Page MenuHomePhabricator

Migrate database from SQLite to MySQL
Open, Needs TriagePublic

Description

Context

Image Suggestion API needs to move to production and will require the database to change from SQLite to MySQL

Acceptance Criteria
  • Convert API to use MySQL
  • Convert SQLite data to MySQL dump format
  • Coordinate with DBA to do a 1 time import

Event Timeline

We need to submit a request to the SRE Data Persistence team for the Maria or MySQL instance. More info on what we should ask for here: https://wikitech.wikimedia.org/wiki/MariaDB#Database_creation_template

We need to submit a request to the SRE Data Persistence team for the Maria or MySQL instance. More info on what we should ask for here: https://wikitech.wikimedia.org/wiki/MariaDB#Database_creation_template

FWIW there is T280042: New database request: image_matching, although that task may (not sure about other stakeholders) specify more traffic and storage needs than are needed in the short-to-medium term.

As @kostajh mentioned, T288042: Create ImportFailure concept contained some broad estimates, because it attempted to anticipate how the current PoC values might scale to production.

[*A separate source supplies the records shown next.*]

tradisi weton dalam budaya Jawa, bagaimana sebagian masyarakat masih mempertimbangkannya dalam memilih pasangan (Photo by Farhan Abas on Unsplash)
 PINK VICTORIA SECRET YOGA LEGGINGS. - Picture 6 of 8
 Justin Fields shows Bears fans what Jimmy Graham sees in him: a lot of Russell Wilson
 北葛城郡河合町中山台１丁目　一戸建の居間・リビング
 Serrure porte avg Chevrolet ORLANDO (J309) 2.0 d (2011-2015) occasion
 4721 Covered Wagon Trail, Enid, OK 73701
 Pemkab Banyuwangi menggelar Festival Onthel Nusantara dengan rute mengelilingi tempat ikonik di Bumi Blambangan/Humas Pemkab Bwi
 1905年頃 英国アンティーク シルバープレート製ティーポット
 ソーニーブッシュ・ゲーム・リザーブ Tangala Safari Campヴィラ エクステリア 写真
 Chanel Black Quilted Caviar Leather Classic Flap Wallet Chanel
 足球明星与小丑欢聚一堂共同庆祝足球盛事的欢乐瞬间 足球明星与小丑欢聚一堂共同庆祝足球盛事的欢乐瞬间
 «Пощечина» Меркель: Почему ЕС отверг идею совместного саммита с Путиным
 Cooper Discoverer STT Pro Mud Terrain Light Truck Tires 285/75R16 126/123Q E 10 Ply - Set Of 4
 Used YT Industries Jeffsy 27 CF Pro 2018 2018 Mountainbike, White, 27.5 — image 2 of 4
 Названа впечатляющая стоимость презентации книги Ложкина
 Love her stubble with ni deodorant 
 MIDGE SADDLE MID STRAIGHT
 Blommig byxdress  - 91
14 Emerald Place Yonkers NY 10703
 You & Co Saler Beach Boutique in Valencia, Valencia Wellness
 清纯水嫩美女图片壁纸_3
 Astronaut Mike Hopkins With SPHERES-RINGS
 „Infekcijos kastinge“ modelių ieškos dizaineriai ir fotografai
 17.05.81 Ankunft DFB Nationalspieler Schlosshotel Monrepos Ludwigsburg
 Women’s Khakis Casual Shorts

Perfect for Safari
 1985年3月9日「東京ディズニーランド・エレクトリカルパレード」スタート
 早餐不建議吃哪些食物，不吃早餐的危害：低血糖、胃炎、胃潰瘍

@sdkim , @MMiller_WMF , what does our roadmap look like now in regards to when/if the PoC might scale up to include all 300+ wikis? Can we simplify this request by having more modest goals that might not meet eventual full deployment requirements, but which look far enough ahead to be worth our colleague's time? We don't want to request something that won't satisfy our medium-term needs, as we'd just have to re-request. But if we're still in a somewhat experimental phase with limited anticipated traffic and limited number of wikis, over-requesting might involve more time and expense than it needs to be.

Some of the concerns in the previous ticket surrounded ingestion and snapshot concerns. Do we have ambitious production-esque SLA requirements at this stage, or can some of those be relaxed? Specifically, can we tolerate some downtime on the order of minutes or even hours while data is being ingested and any ingestion errors are manually resolved? One option is to make the service fail gracefully during ingestion.

If our goals in the relevant timeframe include working out details of the data pipeline, relaxing those things would not be helpful. But if our goals are more narrowly focused around things like reader/editor response to image suggestions and perceived quality of suggestions, maybe a simpler storage request would suffice.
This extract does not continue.